Data provided: Begin

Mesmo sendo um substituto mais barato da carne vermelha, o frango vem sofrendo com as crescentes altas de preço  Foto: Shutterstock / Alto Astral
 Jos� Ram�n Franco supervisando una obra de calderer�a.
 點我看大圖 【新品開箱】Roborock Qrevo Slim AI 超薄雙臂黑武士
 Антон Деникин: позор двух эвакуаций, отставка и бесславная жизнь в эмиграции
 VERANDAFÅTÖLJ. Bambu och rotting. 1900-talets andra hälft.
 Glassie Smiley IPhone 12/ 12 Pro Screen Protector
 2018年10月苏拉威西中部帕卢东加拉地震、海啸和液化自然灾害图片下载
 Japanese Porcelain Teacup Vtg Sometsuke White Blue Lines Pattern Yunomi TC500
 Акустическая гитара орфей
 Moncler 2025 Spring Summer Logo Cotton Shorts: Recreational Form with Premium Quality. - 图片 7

Data provided: End

■ Directions for this task ■
Copy out the whole listing, word for word.

■ The answer ■
Mesmo sendo um substituto mais barato da carne vermelha, o frango vem sofrendo com as crescentes altas de preço  Foto: Shutterstock / Alto Astral
 Jos� Ram�n Franco supervisando una obra de calderer�a.
 點我看大圖 【新品開箱】Roborock Qrevo Slim AI 超薄雙臂黑武士
 Антон Деникин: позор двух эвакуаций, отставка и бесславная жизнь в эмиграции
 VERANDAFÅTÖLJ. Bambu och rotting. 1900-talets andra hälft.
 Glassie Smiley IPhone 12/ 12 Pro Screen Protector
 2018年10月苏拉威西中部帕卢东加拉地震、海啸和液化自然灾害图片下载
 Japanese Porcelain Teacup Vtg Sometsuke White Blue Lines Pattern Yunomi TC500
 Акустическая гитара орфей
 Moncler 2025 Spring Summer Logo Cotton Shorts: Recreational Form with Premium Quality. - 图片 7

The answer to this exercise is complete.